Kita tak pernah menanamkan apa-apa
Kita takkan pernah kehilangan apa-apa
Sederhana, tapi menurut saya itu benar. sebuah kalimat perpaduan antara perasaan, logika, dan fakta. Antara hati – otak dan realita, begitu indah sekali disatukan. Dia menciptakan pemahaman yang idealis dan bermakna. Dan, itulah yang sedang ingin saya coba.
Saya paling benci bicara soal hati. selama kuliah ini, hampir tiga tahun, hati saya sudah sangat nyaman. tapi mendadak, harus menerima kenyataan bahwa separuh hati lain protes karena merasa tidak selaras.
sudah lama, saya tidak merasakan apa itu sakit, dan apa itu kehilangan. dan saat ini tiba-tiba perasaan itu muncul. Rasanya seperti ingin menangis, tapi tidak bisa menangis. Mungkin saya sedang lupa, bagaimana cara mengekspresikan rasa sedih itu sendiri. Lalu?
Terakhir kali rasa hancur itu saya rasakan ketika saya menuliskannya dalam blog ini.

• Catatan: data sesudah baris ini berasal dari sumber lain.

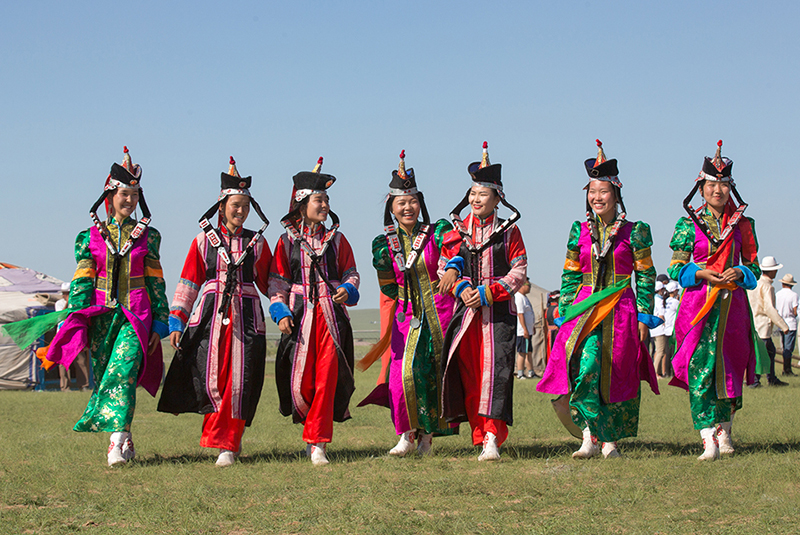 Mongolian girls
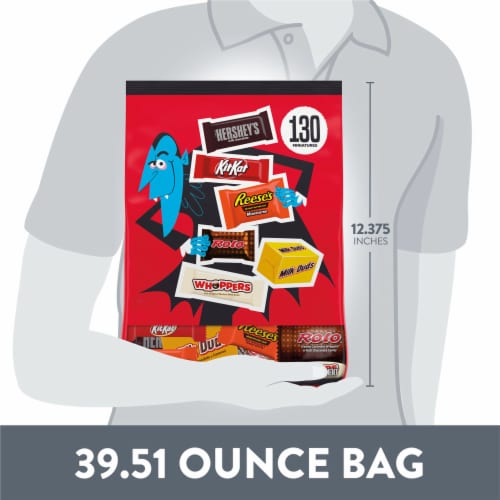 Hershey Miniatures Assorted Flavored Halloween Candy Bulk Bag Perspective: bottom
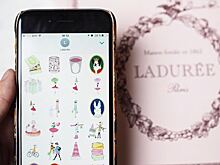 Laduree выпустил фирменные эмодзи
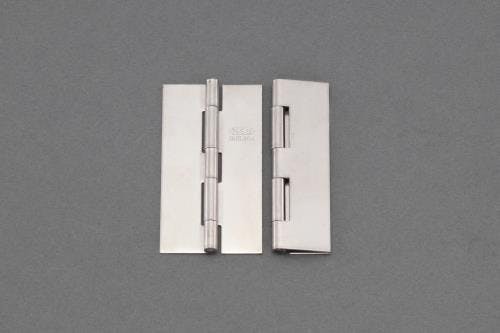 薄口溶接丁番(ステンレス製/2個) 38x26mm EA951CN-403 4548745982862【別送品】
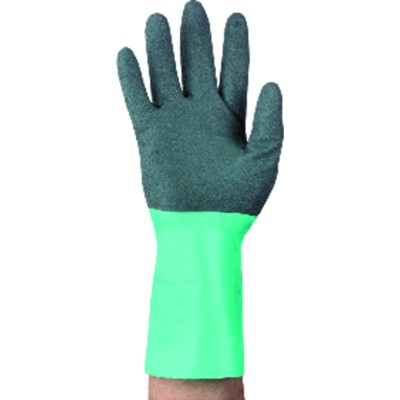 Produktbild von Ansell® - Handschuh AlphaTec 58-128 schwarz/grün, Größe 10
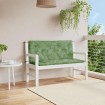 Cojines banco jardín 2 uds tela estampado de hojas 120x50x7 cm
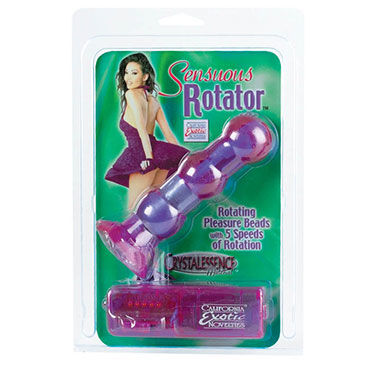 California Exotic Sensuous Rotator - Анальная пробка с ротацией - купить в секс шопе California Exotic Sensuous Rotator - Анальная пробка с ротацией - купить в секс шопе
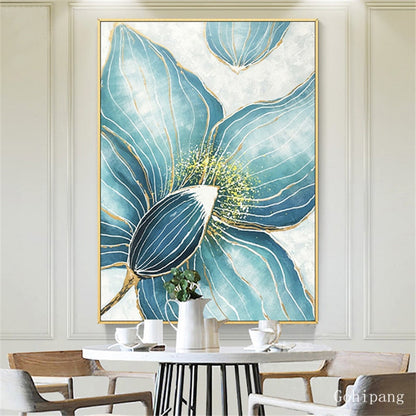 Modern Flower Canvas Painting Living Room Dining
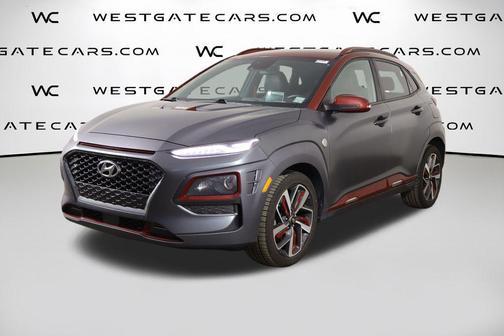 Matte Grey w/Iron Man Red Roof 2019 Hyundai KONA Iron Man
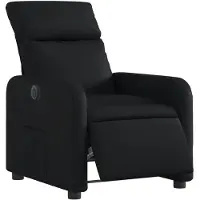 vidaXL Fauteuil elektrisch verstelbaar kunstleer zwart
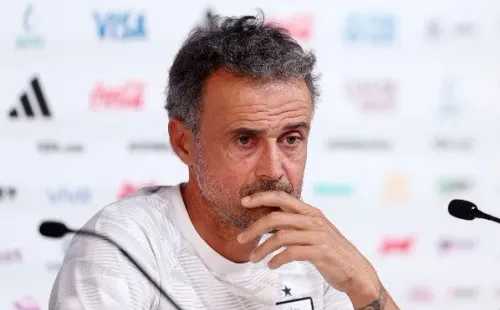 Luis Enrique, entrenador de España durante Qatar 2022 (Foto: Getty)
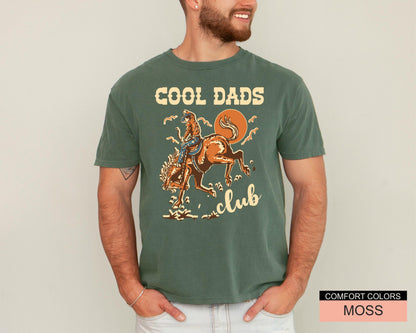 Cool Dads Club Shirt, Funny Cowboy Dad Shirt for Father's Day Gift, Farmer Daddy Shirt, Western Cowboy Horse Riding, Wild West Father Gift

dia pernah membuatku sempurna, hingga aku menjanjikan selamanya…
tapi mimpi yang dia punya, berbeda… -the rain, tolong aku-
Saya sampai tidak bisa lagi berkata-kata. termenung. tidak menangis. tidak tertawa. dan saya sendiri semakin risih melihat wajah saya sendiri. (baru aja nyeplus jerawat, trus merah2 gitu deh).
Di laptop hanya ada koding-koding. Hari ini jadi kayak robot. Saya nggak tahan. tapi saya belum rela kehilangan. rasanya, tidak ingin berlebihan. tapi galau ini terasa berlebih-lebih.
Dan, pada akhirnya, hanya ini yang terucap….
“Bismillah…. aku iklash melepasmu. Semua kenangan itu indah. Dan kau adalah salah satunya.”